An alternative are binary formats. Yet those often are
not platform independent (either C++ or Java or Python bindings) or are not upgradable (what if your boss comes along
and wants you to add yet another field? Do you need to process all your data again?).
There are a few libraries
that promise to solve at least some of these problems. Usually you specify your data format with an IDL, generate
(Byte-)code from it and use mechanisms provided by the libraries to upgrade your format.
Yesterday at the Berlin
Apache Hadoop Get Together Torsten Curdt gave a short introduction to two of these solutions: Thrift and Protocol
buffers.

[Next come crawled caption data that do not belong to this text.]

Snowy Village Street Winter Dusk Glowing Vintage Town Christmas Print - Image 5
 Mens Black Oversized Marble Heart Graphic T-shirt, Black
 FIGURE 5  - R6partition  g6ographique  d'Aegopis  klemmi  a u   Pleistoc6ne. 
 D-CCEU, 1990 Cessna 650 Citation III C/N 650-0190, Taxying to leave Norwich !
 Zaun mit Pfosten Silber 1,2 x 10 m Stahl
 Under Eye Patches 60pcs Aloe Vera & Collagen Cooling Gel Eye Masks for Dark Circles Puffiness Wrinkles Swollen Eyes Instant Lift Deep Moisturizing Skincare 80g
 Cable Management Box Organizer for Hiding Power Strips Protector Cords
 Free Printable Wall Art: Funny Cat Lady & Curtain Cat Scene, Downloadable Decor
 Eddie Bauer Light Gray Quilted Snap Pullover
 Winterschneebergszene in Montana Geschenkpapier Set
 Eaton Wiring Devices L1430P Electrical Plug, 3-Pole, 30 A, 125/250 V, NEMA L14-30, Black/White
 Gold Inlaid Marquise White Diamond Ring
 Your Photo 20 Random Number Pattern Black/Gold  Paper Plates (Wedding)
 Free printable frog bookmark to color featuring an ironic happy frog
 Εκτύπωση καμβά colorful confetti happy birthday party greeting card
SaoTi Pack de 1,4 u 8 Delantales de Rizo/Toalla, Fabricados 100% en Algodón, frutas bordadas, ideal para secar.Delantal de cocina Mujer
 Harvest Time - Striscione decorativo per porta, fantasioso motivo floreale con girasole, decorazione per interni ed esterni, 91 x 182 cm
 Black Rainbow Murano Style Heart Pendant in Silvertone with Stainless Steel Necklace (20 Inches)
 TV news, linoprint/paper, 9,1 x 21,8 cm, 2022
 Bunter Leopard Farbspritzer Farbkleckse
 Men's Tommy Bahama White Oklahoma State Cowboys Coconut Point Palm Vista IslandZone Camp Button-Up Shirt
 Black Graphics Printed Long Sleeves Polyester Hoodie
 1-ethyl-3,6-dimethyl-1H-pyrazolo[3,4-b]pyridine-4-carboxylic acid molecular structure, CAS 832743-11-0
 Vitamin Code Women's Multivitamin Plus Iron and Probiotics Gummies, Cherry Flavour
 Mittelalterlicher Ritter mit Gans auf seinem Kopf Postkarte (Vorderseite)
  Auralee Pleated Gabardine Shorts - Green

He explained why Joost decided to use one of those libraries and highlighted why they went with Thrift instead
of Protocol Buffers.
This morning I have gathered a list of data exchange libs that are currently
available:
- Thrift … developed at Facebook, now in
the Apache incubator, active community, Bindings for C++, Java, Python, PHP, Ruby, Erlang, Perl, Haskell, C#, Cocoa,
Smalltalk, and OCaml.
- ProtoBuf … developed at Google, mainly
one developer only, bindings for C++, Java und Python.
- Avro …
started by Doug Cutting, skips code generation.
- ETCH …
developed at Cisco, now in the Apache Incubator, Bindings for Java, C#, JavaScript.
There are some performance benchmarks online. Another recent, extensive comparison of serialization performance of various frameworks.